Seroter's Daily Reading — #743 (March 17, 2026)

Source
Daily Reading List — March 17, 2026 (#743)
Articles Covered
- Bringing the power of Personal Intelligence to more people — Google
- Subagents — Simon Willison
- Giving you more transparency and control over your Gemini API costs — Google
- Google Workspace’s New AI Features Seem Genuinely Useful — Lifehacker
- The State of AI in the Enterprise — Deloitte
- Measuring progress toward AGI: A cognitive framework — Google DeepMind
- Banks struggle to scale AI as legacy tech devours IT budgets — CIO Dive
- Introducing multi-cluster GKE Inference Gateway — Google Cloud
- State of Open Source on Hugging Face: Spring 2026 — Hugging Face
- Developer Guide: Nano Banana 2 with the Gemini Interactions API — Philipp Schmid
- Agent Protocols — MCP, A2A, A2UI, AG-UI — Mete Atamel
- Announcing the Colab MCP Server — Google Developers
- Durable AI agent with Gemini and Temporal — Google AI
Transcript
Welcome back to another episode covering Richard Seroter’s Daily Reading List. This is number 743, posted March 17th, 2026. Thirteen articles today — a big list — and the dominant thread is agents everywhere: how they communicate, how they’re governed, and the infrastructure that makes them possible. Let’s get into it.

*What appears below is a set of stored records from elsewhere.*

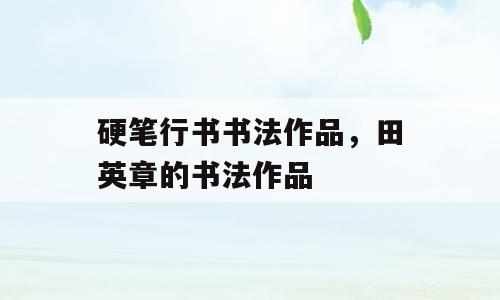 硬笔行书书法作品，田英章的书法作品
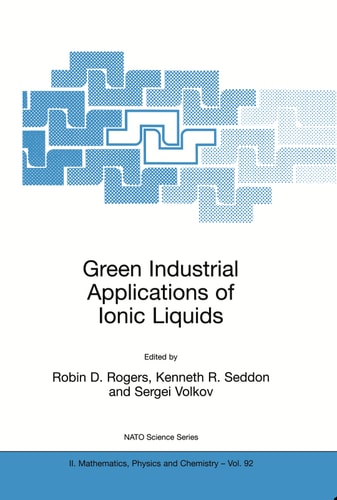 Green Industrial Applications of Ionic Liquids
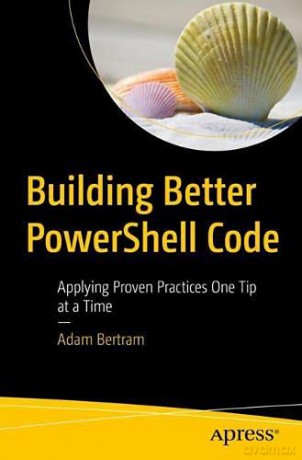 Building Better PowerShell Code: Applying Proven Practices One Tip at a Time - Adam Bertram [KSIĄŻKA]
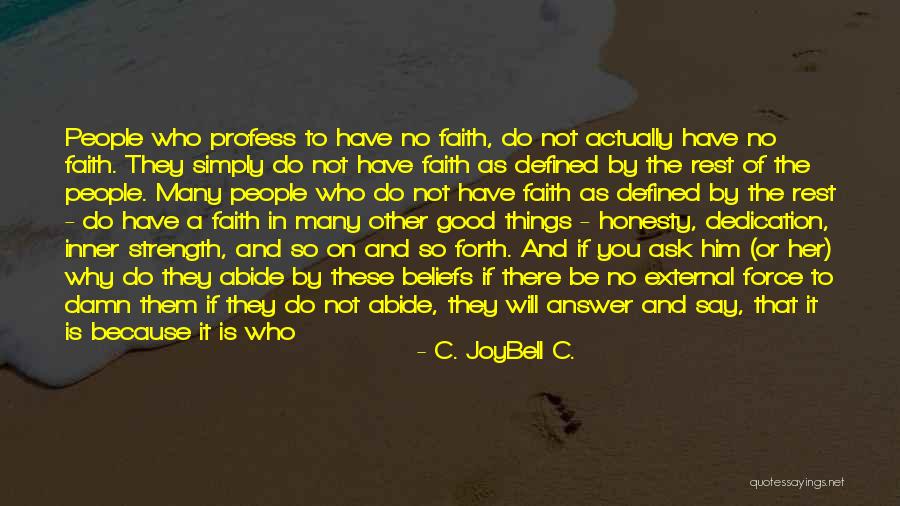 What Is Devotion Quotes By C. JoyBell C. What Is Devotion Quotes By C. JoyBell C.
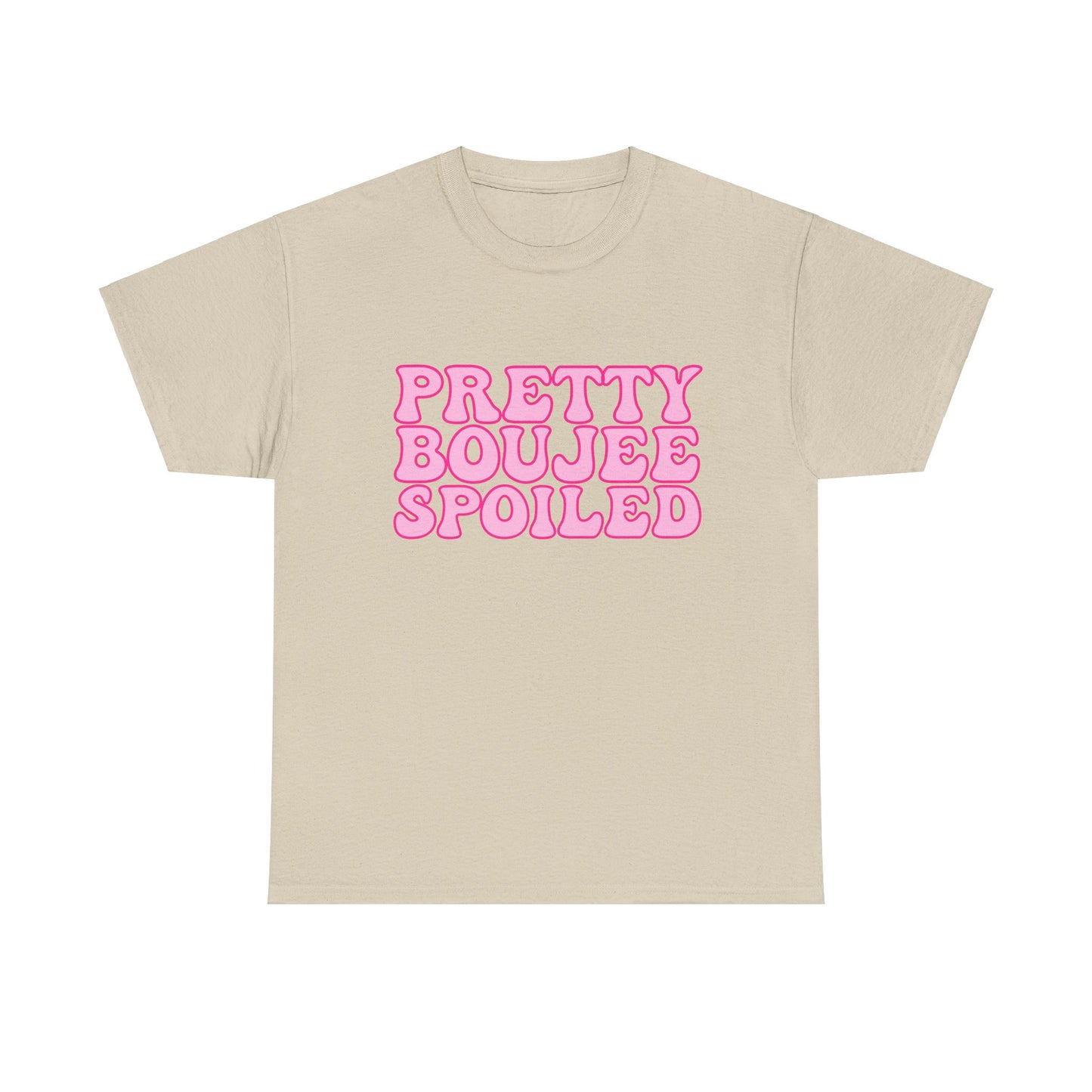 Pretty, Bougie, Spoiled T-shirt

Google is expanding what they call Personal Intelligence across Search, the Gemini app, and Gemini in Chrome. The idea is that Gemini can now connect to your Google apps — Gmail, Photos, Calendar — and give you responses that are specifically tailored to your data. The examples they give are practical: you ask about sneakers you bought last year and it finds them in your purchase history, or you have a layover and it calculates restaurant options based on your gate, your food preferences, and how much time you actually have between flights. It’s available now in the US for free-tier users. The privacy angle is worth noting: Google says they don’t train on your Gmail inbox or Photos library directly, though they do train on prompts and responses within the Personal Intelligence features. Whether you trust that distinction is up to you.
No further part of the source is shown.